To Sherman, though, the worst cause of accidents on draggers is fatigue. Nets are set out and towed along the bottom and then retrieved at a time set by the captain. “Typically, on an offshore vessel,” he said, “this goes on 24 hours a day, six or seven days at a time, so your fatigue factor is huge. Just huge.” He added that because pollock and cod have to be eviscerated, fishermen have to deal with a combination of very sharp knives and a pitching and rolling deck. Then, too, they also use fish forks and, to pick up flounders, a flounder pick, which Sherman calls basically an ice pick on a stick. He said, “I’ve been hit with those a couple of times by accident.

“There are all kinds of stresses and strains that can cause very serious accidents,” Sherman said. “This is big-time. Lobster gear, you know, some of those 20-pot trawls are pretty heavy, but you’re just dealing with rope. You’re not dealing with cables and thousands of pounds of weight. Winches for the trawl doors—mine holds 700 fathoms of quarter-inch wire, so you can see they’re heavy winches. You don’t get caught in them and then they stop. They only stop when somebody turns them off.” All this, Sherman said, while “grinding away for six or seven days, 24 hours a day.

“You get broken sleep,” he said. “You get three hours here and two hours here. You never get your four hours of good, solid REM. Very seldom do you. So you become used to sleeping for two hours.” He said sometimes sleeping for two hours is like sleeping for two days.

“And it’s hard to get good men,” the veteran dragger owner reported, unsurprisingly. “The danger factor for accidents goes up exponentially with the quality of the crew today.” He admitted, “I’ve had to take fellows that I wouldn’t walk across the street with.”

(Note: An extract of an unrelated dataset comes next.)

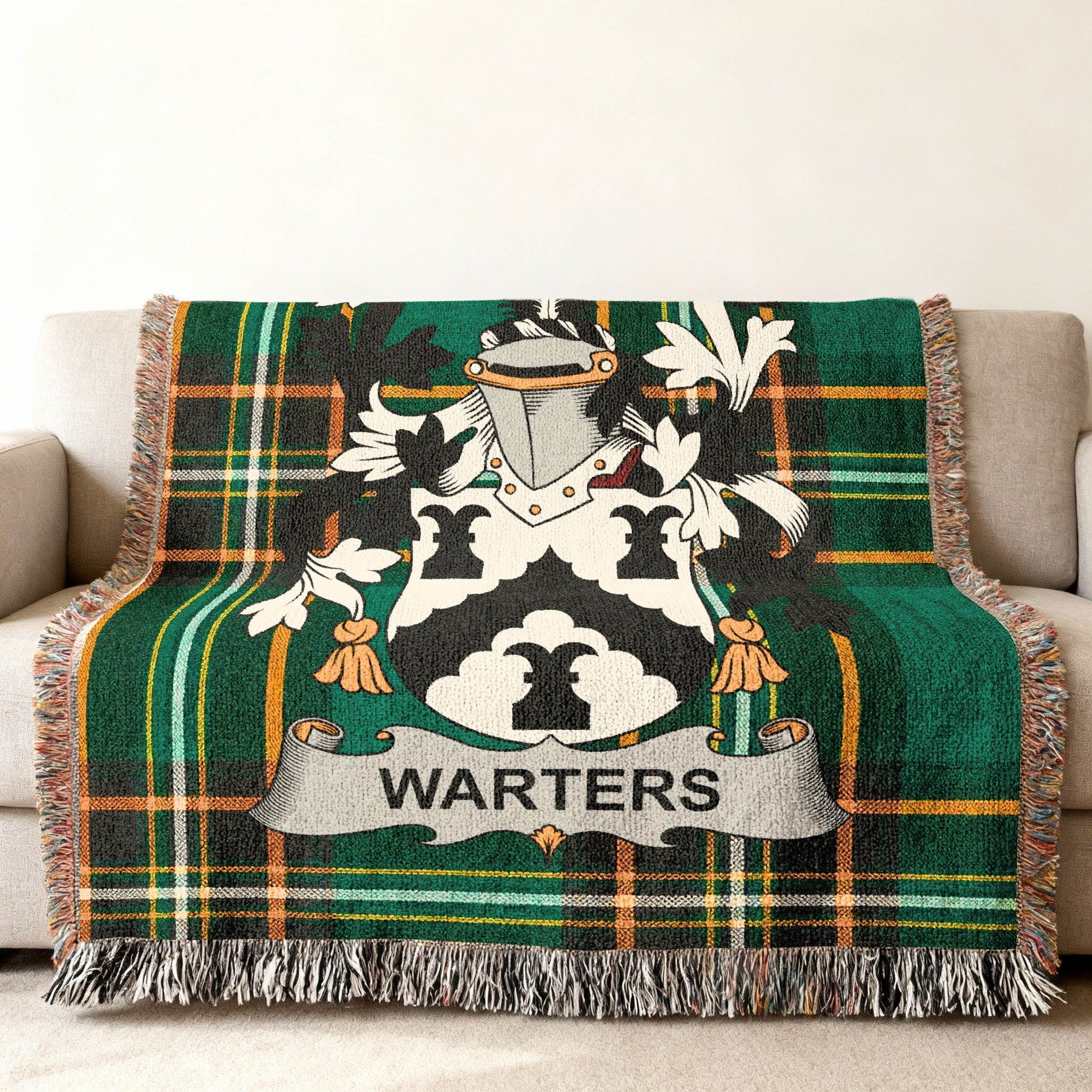 Warters family crest on a green and black tartan throw blanket on a sofa.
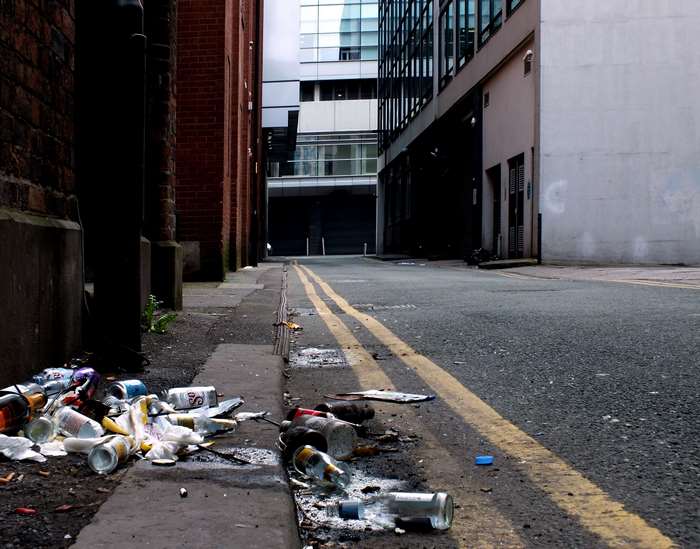 Trash in a Manchester alleyway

But draggerman Libby brought up required boat safety inspections and that draggermen have to pass a safety course themselves, so they know what to do in case of an emergency. “Actually,” Libby said, “there are a lot more things in place in a dragger to promote safety than there are on a lobsterboat. We have to check the bilge, make sure the pumps are running, have bilge alarms, make sure the machinery’s all running good, have guards over the belts, a guard around the exhaust, numerous things to stop small, foolish accidents. And then there’s always the catastrophic accident, like being knocked overboard by the net, or some big scallop drag falling on you, if you’re scalloping.’’ He said, “Things like that could be maintenance failures.”

But despite draggers being considered more dangerous than lobsterboats, Libby said, “As long as you’re doing your safety drill, you’re doing everything you can to keep yourself safe and using common sense.” Libby says he doesn’t have many accidents on his 50-foot dragger because he’s always paying attention to everything. “If everyone does that,” he said, “then the amount of accidents is going to be a lot less.” Libby takes one crewmember with him and said, “I check everything, so that brings into it more of a small-boat feel. You’re the owner-operator taking care of your business, being as careful as you can and realizing the danger. Those sorts of things go a long way to make people safe.”

Every fisherman interviewed suggested hiring other fishermen to help spread out the work. “Many hands make the workload lighter,” said Drouin. “To me, that is key. Doing this job with help will minimize work-related injuries.”

Morris and others suggest training crews in how to use bilge pumps and fire extinguishers; how to get home, and anything that pertains to staying alive. They insist that safety drills should be done on all boats. As Morris said, “For the few minutes it takes to teach someone, it makes no sense whatsoever not to.”